Action item: Below this line are records; transcribe exactly the lines between the one holding "Foto 31 van Grootmede 47" and the one holding "2813 N Evergreen Street, Chandler, AZ 85225", inclusive, and omit the pictures.

Dataset entries:
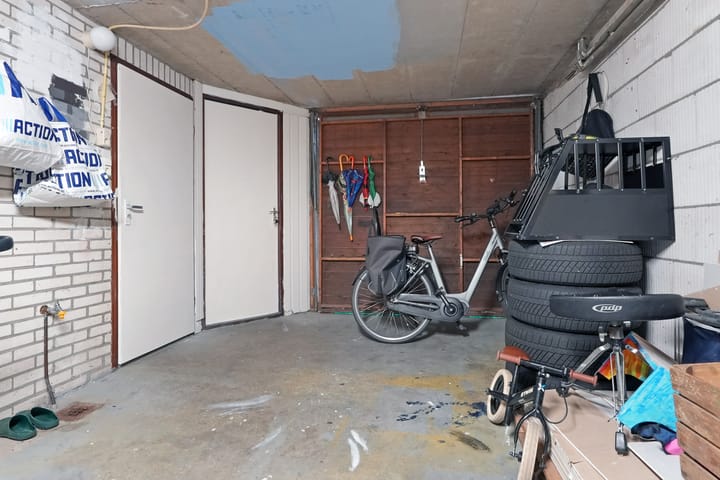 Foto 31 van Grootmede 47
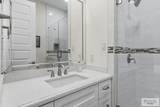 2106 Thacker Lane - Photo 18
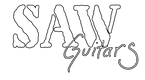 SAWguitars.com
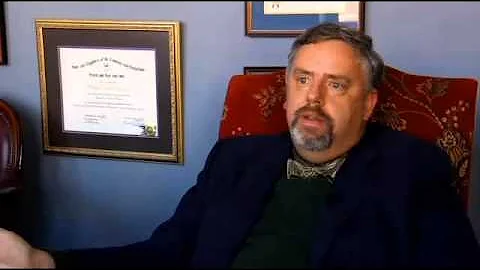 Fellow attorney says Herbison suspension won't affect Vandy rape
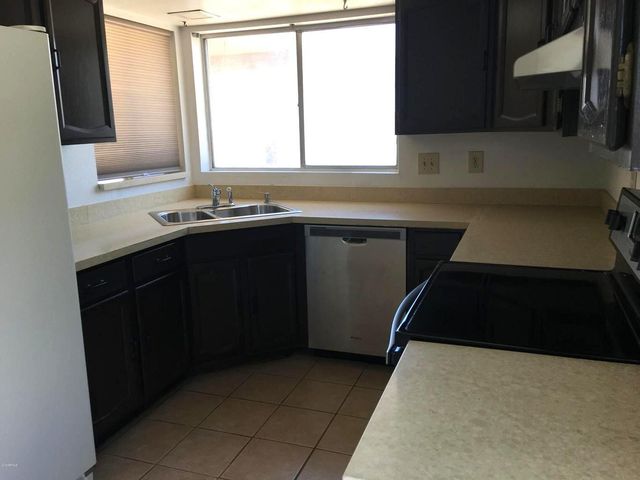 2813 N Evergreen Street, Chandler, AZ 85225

* * *

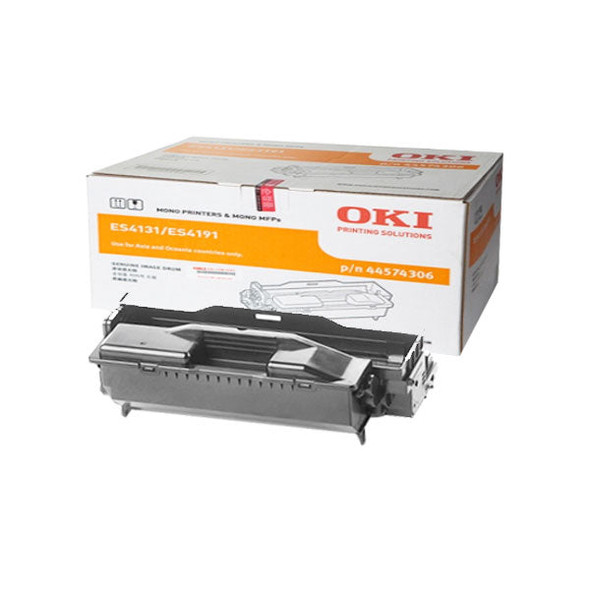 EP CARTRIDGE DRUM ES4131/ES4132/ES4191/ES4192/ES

Solution:
 Foto 31 van Grootmede 47
 2106 Thacker Lane - Photo 18
 SAWguitars.com
 Fellow attorney says Herbison suspension won't affect Vandy rape
 2813 N Evergreen Street, Chandler, AZ 85225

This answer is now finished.